I’m also a big fan of the phone’s high refresh rate. The Nord N10 5G is one of a growing sea of affordable-to-mid-range handsets to bring high refresh panels down in price. Specifically, on the Nord N10 5G it means you can set the screen to run at either 60Hz or 90Hz. Hertz is a metric used to measure how many images per second a screen displays.

OnePlus Nord N10 5G display

Traditionally, phones are locked to run at 60Hz. A higher refresh rate is a positive, since it makes the screen feel smoother to use in general. It can also offer a competitive advantage in reaction-based tasks such as online gaming, by reducing the delay between each new animation being shown. The only negative is that higher refresh rates put an added drain on the battery.

Testing the N10 5G, I found the tech worked well, making the handset one of the best at this price for PUBG and CoD Mobile. In general, games felt smoother to run – and for the past week I’ve been able to use the Nord N10 5G with the Razer Kishi to stream games in bed over the cloud using GeForce Now without hassle.

Performance

  • The Nord N10 5G is one of the best-value 5G phones on the market

  • It offers superior performance to many competing affordable phones

The main selling point for the Nord N10 5G is its next-generation connectivity. The phone is powered by Qualcomm’s Snapdragon 690 5G-ready chipset and 6GB of RAM. Currently, there aren’t many other such handsets on the market, with most other mid-rangers such as the Moto G 5G Plus using the Snapdragon 765G and costing a little more as a result.

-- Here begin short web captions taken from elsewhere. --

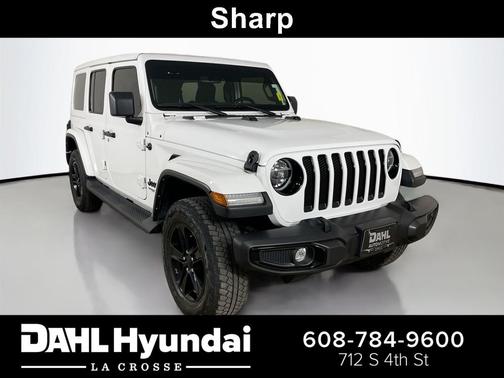 Bright White Clearcoat 2021 Jeep Wrangler Unlimited Sahara
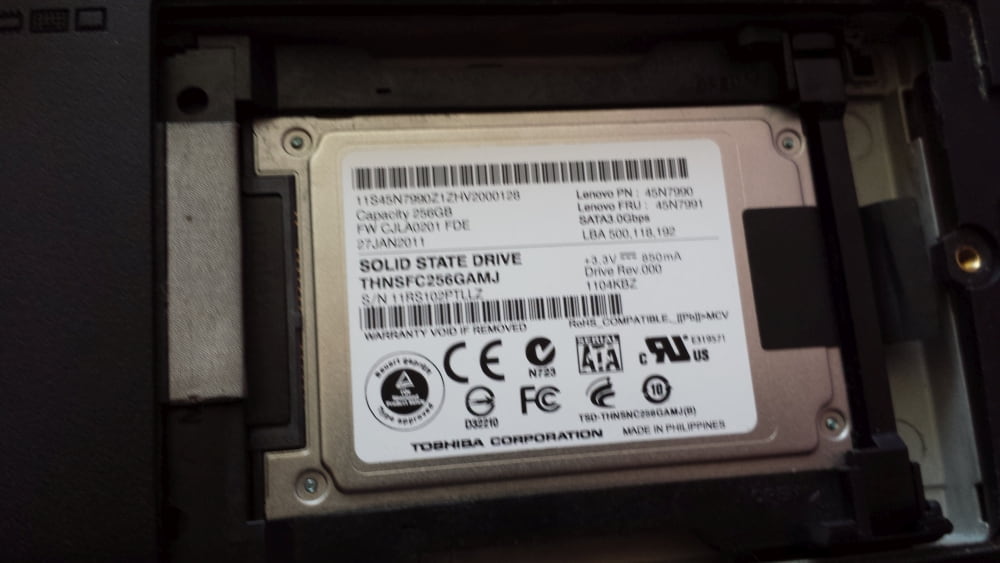 vymena mechaniky za SSD disk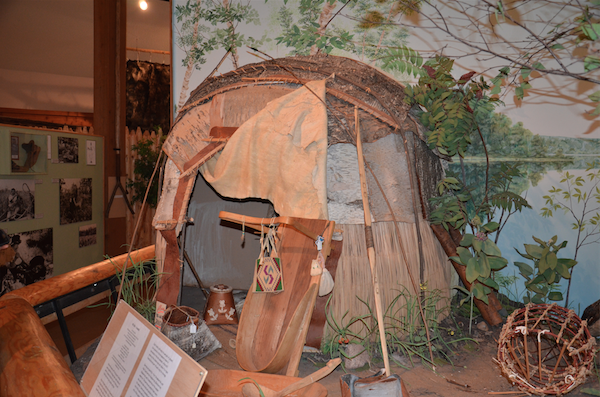 display of housing and household goods, Ojibwe museum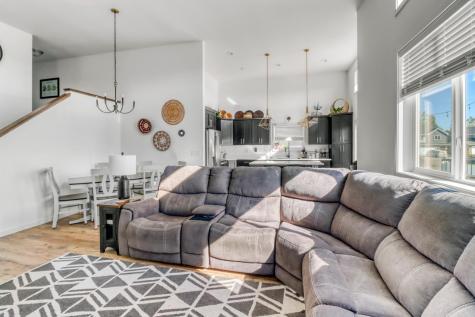 821 60th Avenue W West Fargo ND 58078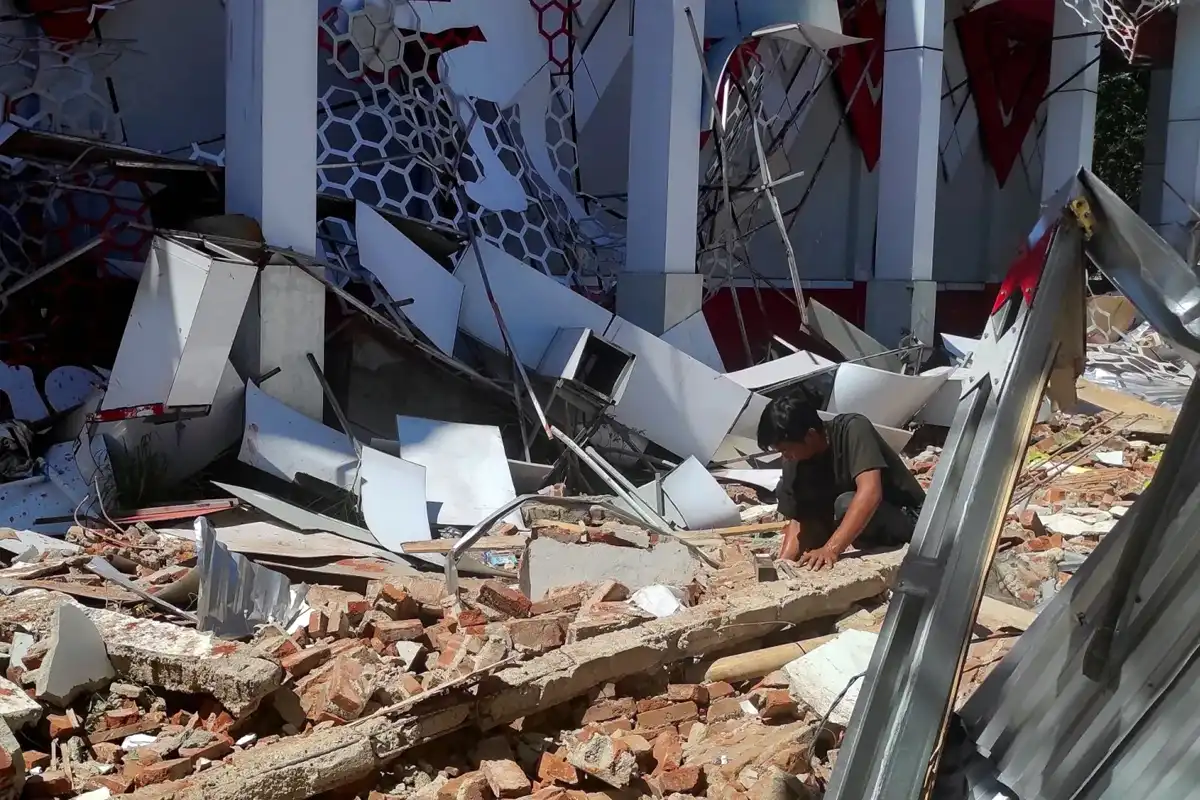 انڈونیشیا میں 7.4 شدت کا زوردار زلزلہ، عمارتیں لرز گئیں، کئی تباہ، ایک خاتون ہلاک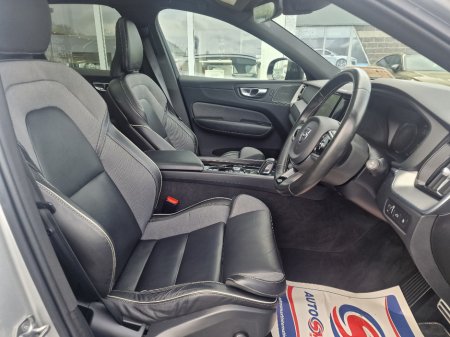 2020 Volvo XC60 - thumbnail 24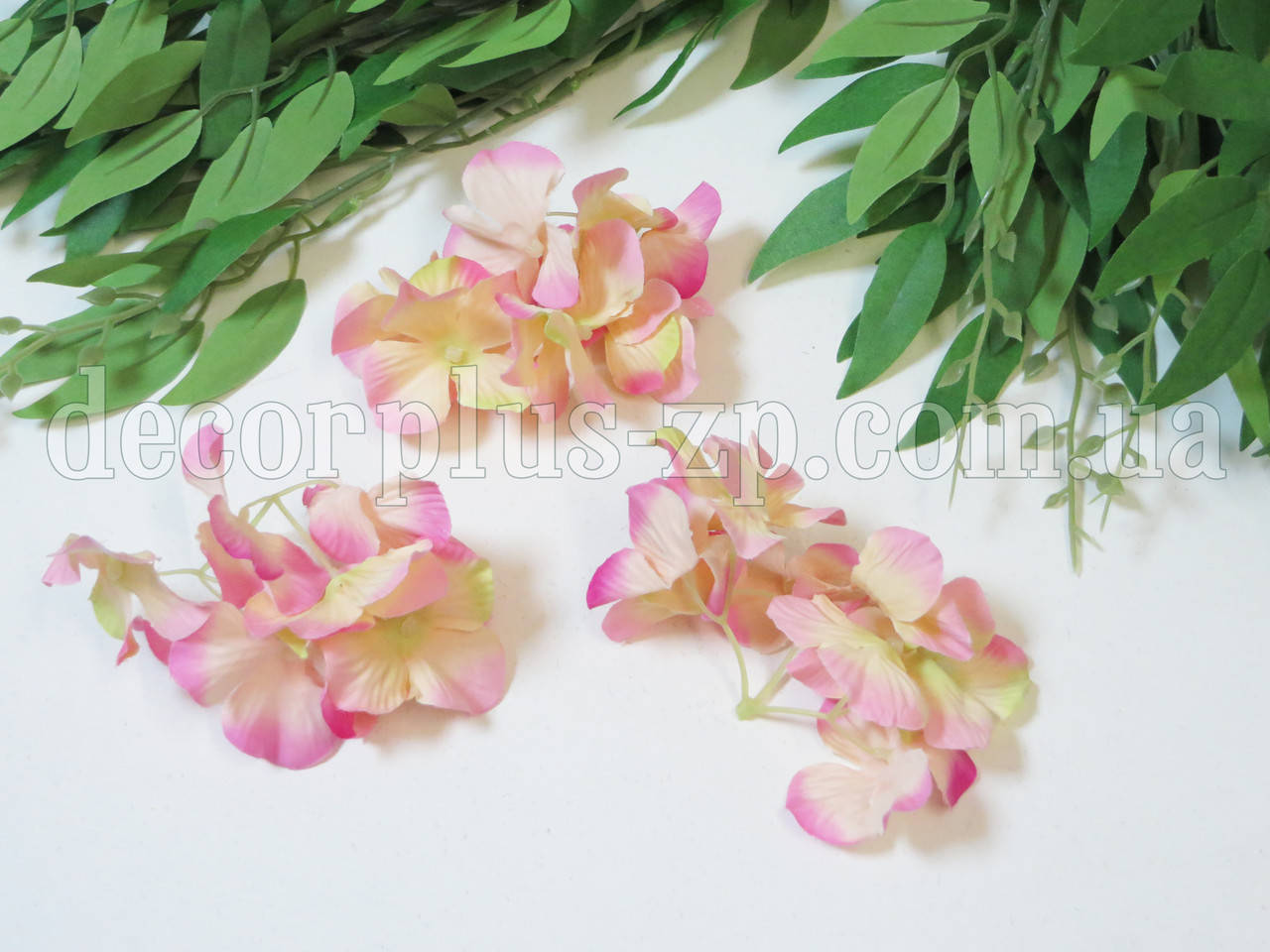 

Добавка - гортензия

In real-world use, the 690 performed admirably despite being unable to match the 7-series chip’s performance. Games universally ran fine, although I did find myself having to lower PUBGs settings to fully take advantage of the 90Hz refresh rate. Otherwise, apps opened instantly and I didn’t experience any slowdown or unduly long load times streaming video on Netflix and Disney Plus.

The only time I noticed the phone struggling was during more intensive tasks. Editing pictures in Photoshop Express, the Nord N10 would chug along, and the camera app felt a little sluggish, especially when trying to capture multiple images in rapid succession. In addition, media-heavy websites would take a fraction of second longer to load than they did on competing phones with the 765 chipset, such as the Moto G 5G Plus and Pixel 4a 5G.

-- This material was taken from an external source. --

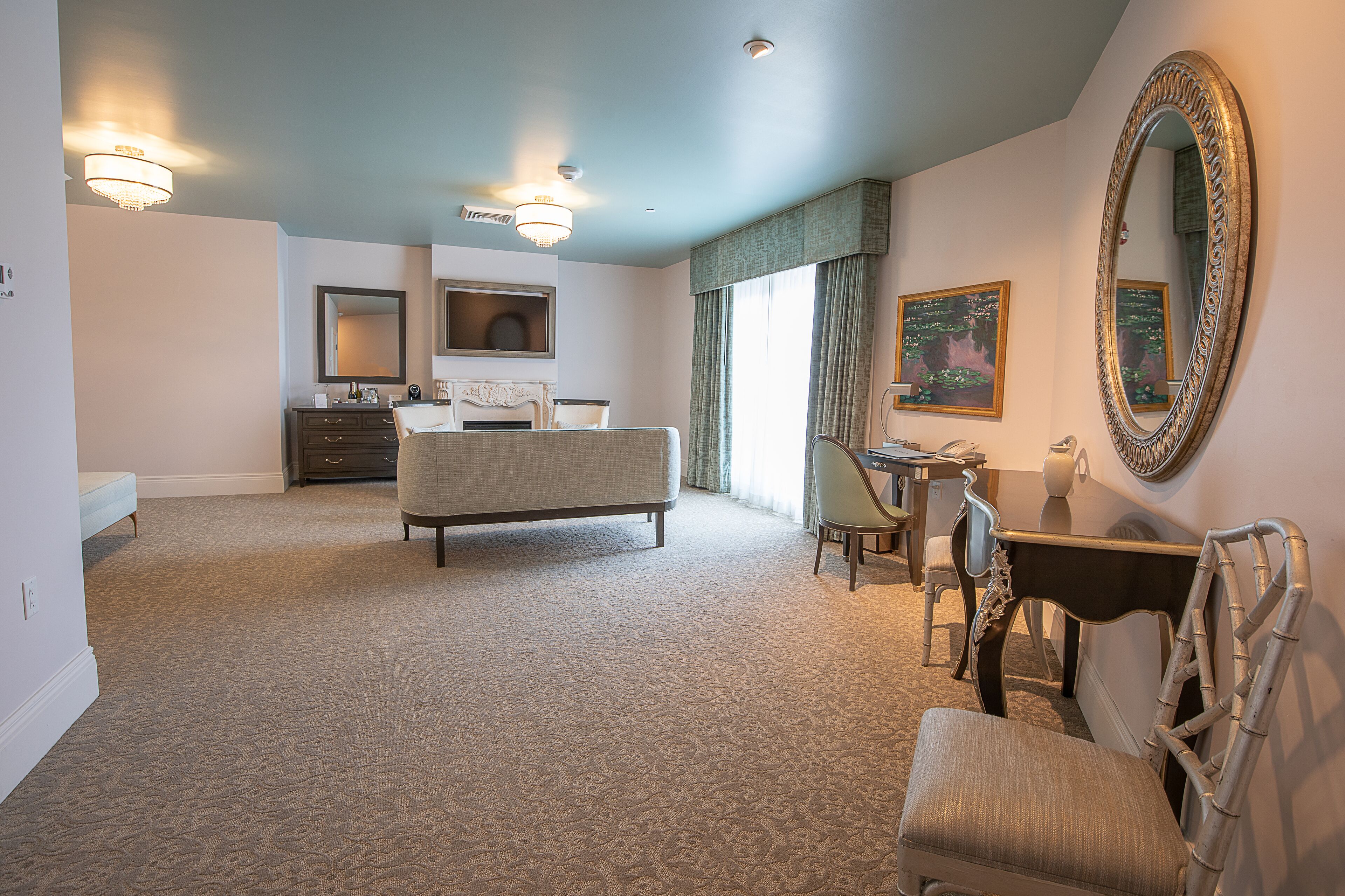 executive suite, 1 king bed (executive suite- one king bed) | living area | flat-screen tv, fireplace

The OnePlus Nord N10’s synthetic benchmark scores mirrored my real-world experience. You can see how it performed in the table below. Benchmarks are synthetic tests designed to let you gauge various details of a phone’s performance using simulated processes.

Geekbench 5 single-core 608
Geekbench 5 multi-core 1860
3DMark Wild Life 811
3DMark Sling Shot Extreme 2175

OnePlus Nord N10 5G apps

Camera

  • The Nord N10 has a quad-sensor rear camera and can capture decent photos in good light

  • Its macro and monochrome cameras are pretty useless
  • Low-light performance isn’t anything to write home about

Aside from the notable exception of Google’s Pixel 4a and 4a 5G, I’m yet to review a mid-range or budget phone recently with a camera I’d describe as anything but usable. This remains the case having reviewed the OnePlus Nord N10, which won’t be making its way onto our best camera phone list.

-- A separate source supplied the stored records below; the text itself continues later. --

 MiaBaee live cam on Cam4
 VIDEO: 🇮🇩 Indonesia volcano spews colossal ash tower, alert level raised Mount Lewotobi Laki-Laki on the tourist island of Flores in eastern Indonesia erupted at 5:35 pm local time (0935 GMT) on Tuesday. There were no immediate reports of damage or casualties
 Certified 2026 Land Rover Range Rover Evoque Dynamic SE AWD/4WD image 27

The phone’s rear camera sounds impressive enough, with OnePlus having loaded it with a quad-sensor arrangement combining 64-megapixel (main), 8-megapixel (ultrawide), 2-megapixel (macro) and 2-megapixel (monochrome) parts.

To a layperson, the above specification may sound almost flagship-level: with that many sensors it has to be good, right? But being blunt, as is the case with megapixels, a higher number of sensors isn’t indicative of solid photo quality. It’s about the quality of the parts, their setup and the processing that takes place in the back-end.

OnePlus Nord N10 5G camera module

Opening up the app, I found the OnePlus N10 5G’s camera distinctly average, even at this price. Like the Moto G Pro I tested last year, the less said about the extra sensors the better. The ultrawide is the only one of the three that can consistently capture usable photos for social media – and even then, look closely at captured shots and you’ll notice they uniformly look soft or display issues with focus. The monochrome only works when shooting in black and white; but it’s very slow, with a noticeable delay between pressing the capture button and an image being taken. The macro also suffers focusing issues, making it tough to use, especially when trying to capture fast-moving subjects such as my cats.

The main 64-megapixel sensor works better, and is capable of taking usable photos in regular light. However, the lack of any stabilisation means you’ll need a steady hand while shooting. The 64-megapixel sensor, which captures 16-megapixel images, manages to retain decent levels of detail and reasonably realistic-looking colours  again, if you hold it steady. Low-light performance also isn’t anything to write home about. In dim conditions, focusing issues creep in and captured images usually suffer from noise.

You can see a selection of photos taken on the OnePlus Nord N10 5G below.

Battery

  • The Nord N10 is powered by a 4300mAh battery and supports 30T Warp Charge

  • Battery life is solid, but no better than the competition

The Nord N10 5G doesn’t feature anything close to the behemoth 6000mAh battery seen in Motorola’s Moto G9 Power. Instead, it’s powered by a 4300mAh cell.

During testing, I found it offered solid battery life and would generally last between one to two day’s use from a single charge and using the phone as my primary work and personal handset. This entailed listening to music during my morning workout, regularly checking incoming messages and alerts, watching a few YouTube videos throughout the day, and an hour on GeForce Now ahead of bed.

You can add another day’s use if you downgrade the display to run at 60Hz – although, personally, I preferred the added smoothness of the 90Hz mode.

More intensive tasks do put a bigger drain on the battery, however. Streaming video with the screen brightness set to 150 nits, over Wi-Fi the phone lasted an average of 9-10% of its charge per hour. This is on a par with the figure I detected running the same test on the Moto G Pro late last year.

It’s a similar story with gaming. Playing demanding titles such as PUBG, the Nord N10 5G typically discharged between 18-20% of its battery per hour. This is a little higher than average and likely due to the 90Hz display. Lowering the refresh rate to 60Hz, the discharge figure went down to 12-15%.

You should buy it if:

  • You’re an avid mobile gamer on a budget
    The OnePlus N10 5G is a great option if you’re a regular mobile gamer looking for a solid phone that won’t break the bank. The 90Hz display is excellent and wonderfully reactive, and 5G connectivity makes it an ideal option for early adopters using services such as Stadia and GeForce Now.
  • You want 5G but can’t afford a flagship
    The OnePlus Nord N10 5G is one of the best affordable 5G phones you can get right now for less than £300/$300.

You shouldn’t buy it if:

  • You want a good camera
    The OnePlus N10 5G isn’t the best camera phone you can get at this price. Despite having a quad-sensor, the camera here struggles to perform in low light, and every sensor other than the main 64-megapixel snapper suffers from focusing and general quality issues.

A note from the Editor

The OnePlus Nord N10 may not be the most exciting phone I reviewed this year, but it’s one of the best value on the market. During testing I was amazed quite how many top end features OnePlus had managed to pack into its tiny chassis. This has made it my go to recommendation for any buyer that doesn’t want to spend lots of money on a phone, but still wants top end features like 5G connectivity and a gaming ready 90Hz screen.